Your instructions:
Nothing but the lines from the one holding "Tec Shirt Женская коллекция 2/13/2018 17" through the last line of the material below should be set down, exactly and without images.

Material for this exercise:

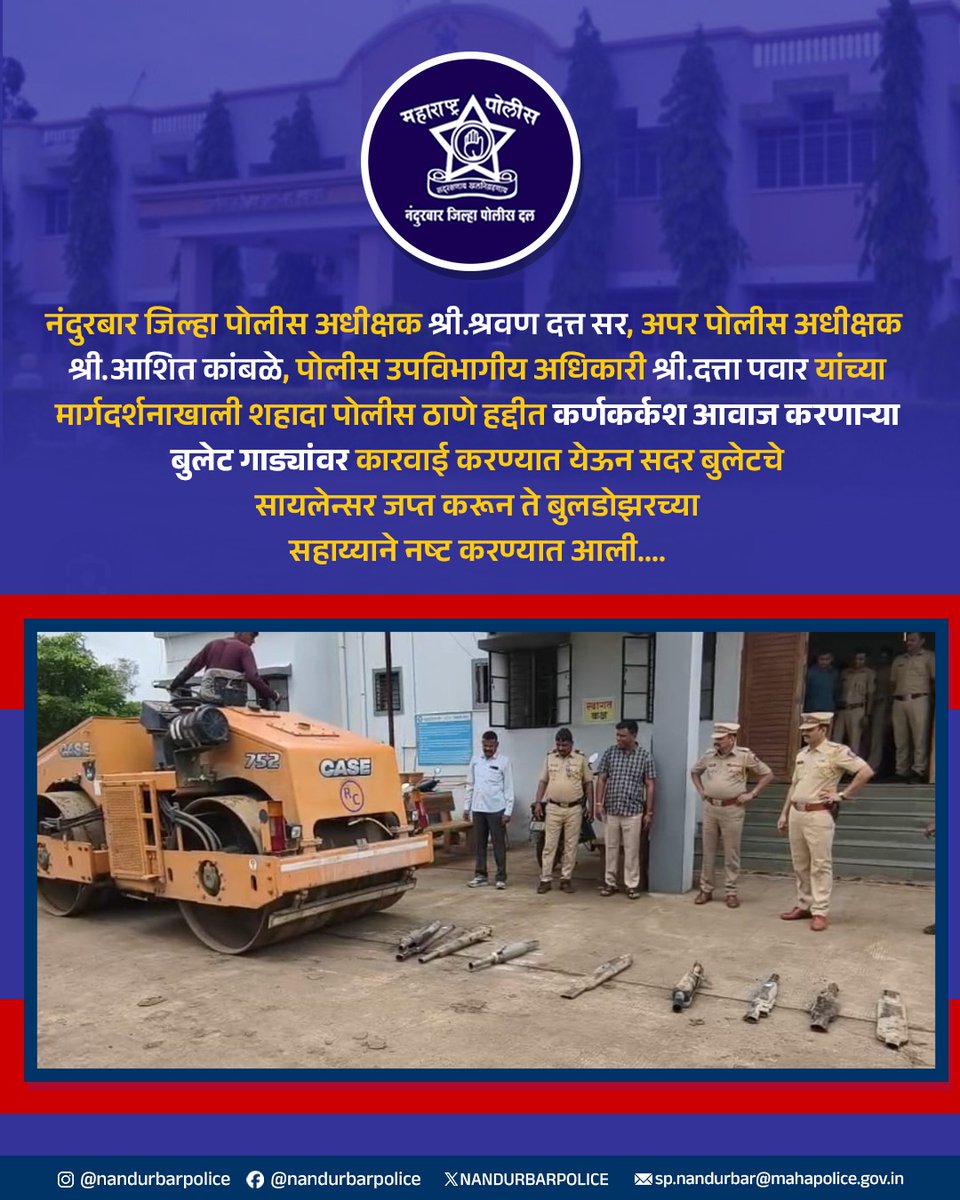 Nandurbar Police (नंदुरबार पोलीस) (@nandurbarpolice) on Twitter photo 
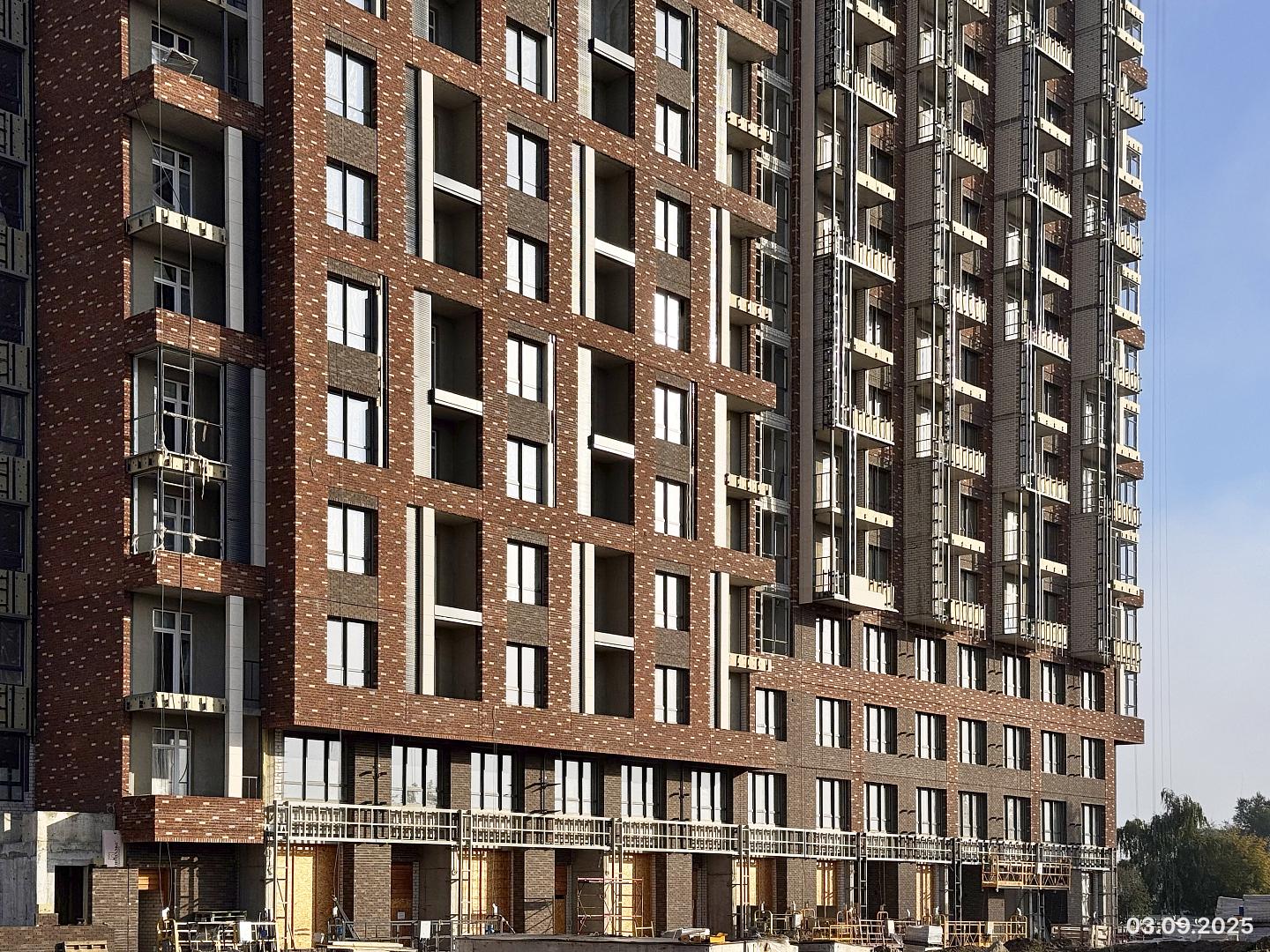 Сентябрь 2025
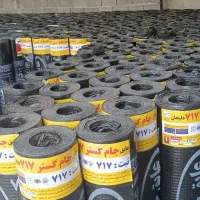 پیمانکاری ایزوگام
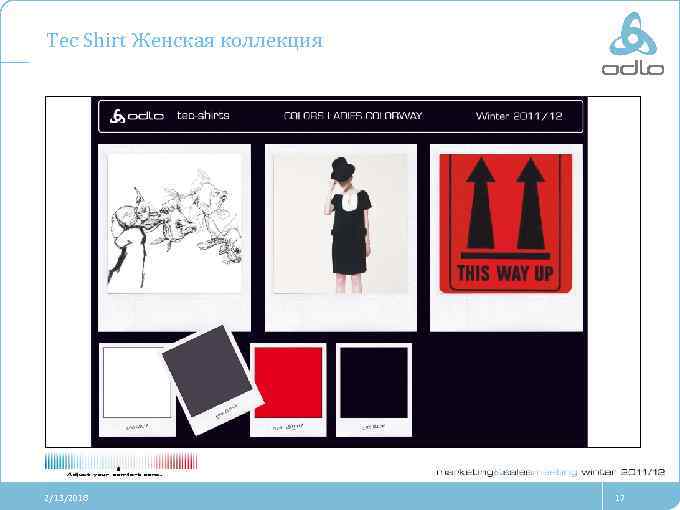 Tec Shirt Женская коллекция 2/13/2018 17 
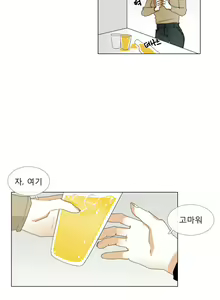 Page 72 of Talk to Me Ch.0-22 - preview thumbnail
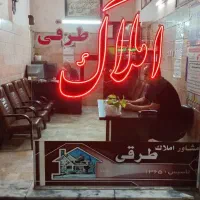 واحد-فروشی-صفر-60-متری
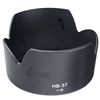 HB-37遮光罩适用于尼康55-200mmf4.5-5.6g镜头D3200D5200卡口52mm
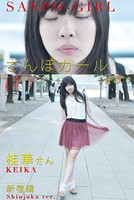 さんぽガール 桂華さん 新宿編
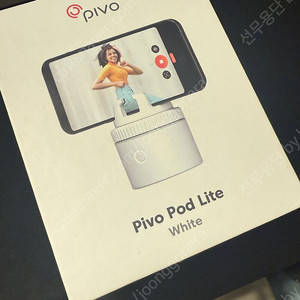 pivo pod lite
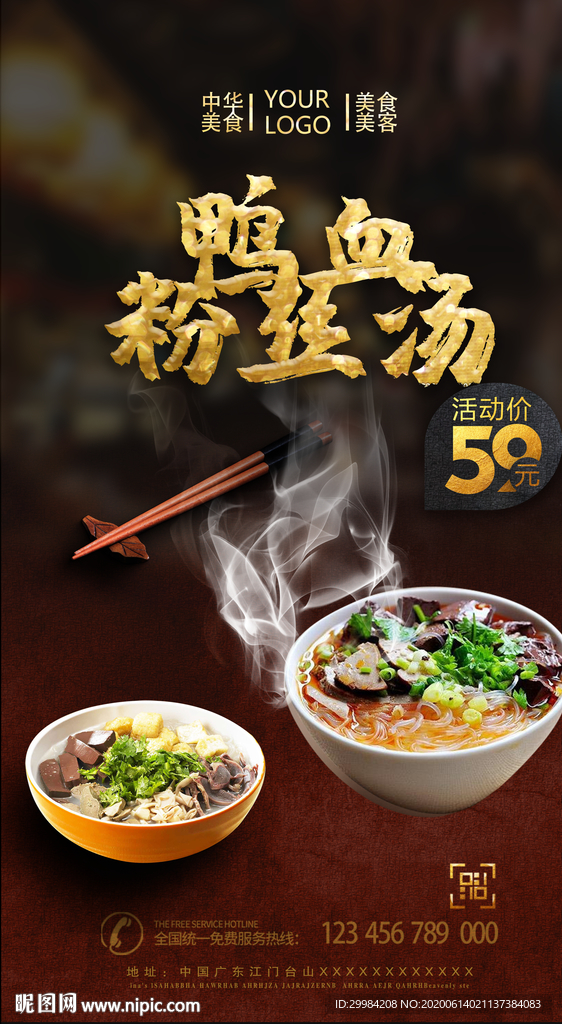 鸭血粉丝汤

Task result:
 Tec Shirt Женская коллекция 2/13/2018 17 
 Page 72 of Talk to Me Ch.0-22 - preview thumbnail
 واحد-فروشی-صفر-60-متری
 HB-37遮光罩适用于尼康55-200mmf4.5-5.6g镜头D3200D5200卡口52mm
 さんぽガール 桂華さん 新宿編
 pivo pod lite
 鸭血粉丝汤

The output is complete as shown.